1.2.2. Different carriers for the treatment of HCC

By selecting appropriate materials and optimizing the design of the structure, nano carrier can enable controlled release and targeted delivery of the drug. Currently, a large number of nanomedicines with promising development have been developed. These materials could be classified into organic and inorganic categories.
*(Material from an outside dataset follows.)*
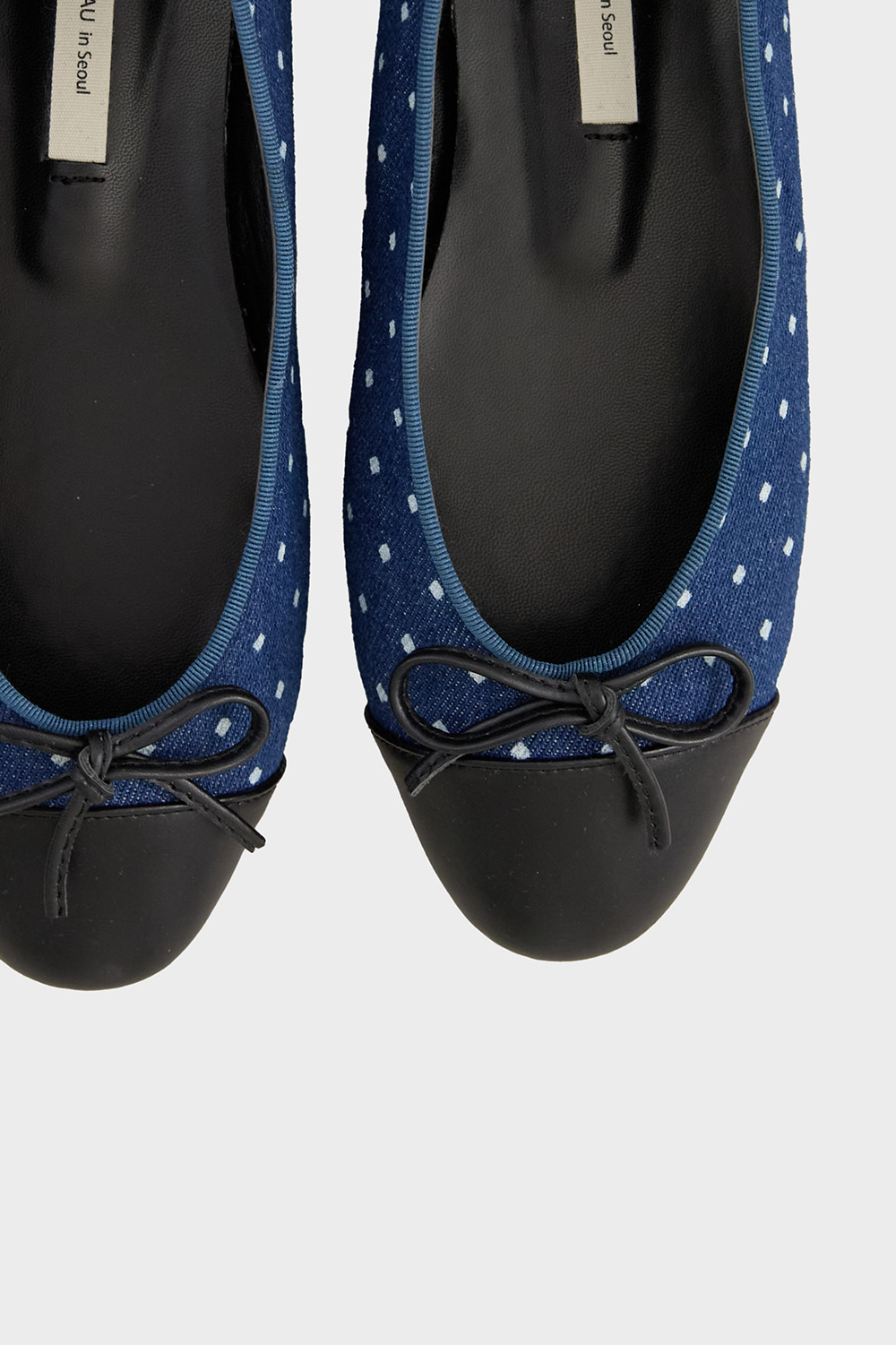 DOT RIBBON FLAT SHOES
In the treatment of HCC, organic nano carriers mainly include liposomes, polymer-based particles, etc. Their core advantage lies in excellent biocompatibility and degradability. Through the EPR effect and the natural uptake effect of the reticuloendothelial system, they can effectively achieve the enrichment of drugs at the liver tumor site. These carriers are easy to be functionalized for prolonged circulation and enhanced targeting, and the preparation process is relatively mature. The structure of these organic carriers enables them to not only carry hydrophilic drugs (such as doxorubicin), but also hydrophobic drugs (such as sorafenib), showing certain flexibility. Controlled release can be achieved through responsive design of the carriers, significantly improving efficacy and reducing systemic toxicity.
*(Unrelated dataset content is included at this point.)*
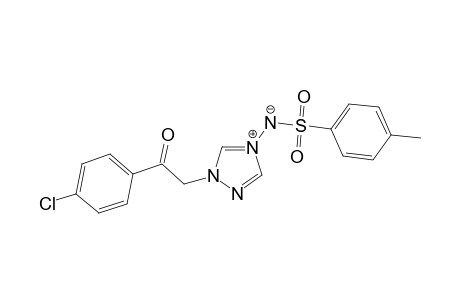 1-(4'-Chlorophenacyl)-4-(toluenesulfonyl)imino-1H-1,2,4-triazolium ylide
Inorganic nano carriers are mainly represented by gold nanoparticles and mesoporous silica, etc. Their characteristics include stable structure, high drug loading capacity and strong functional expansion ability. This kind of carriers possess unique electrical and magnetic properties, enabling multimodal diagnosis and treatment integration. Through precise control of size and surface chemistry, inorganic carriers can integrate different functional components and, while deliver drugs, may also achieve synergistic treatment with different therapy. The two types of carriers complement advantages of each other, jointly promoting the development of precise treatment for HCC.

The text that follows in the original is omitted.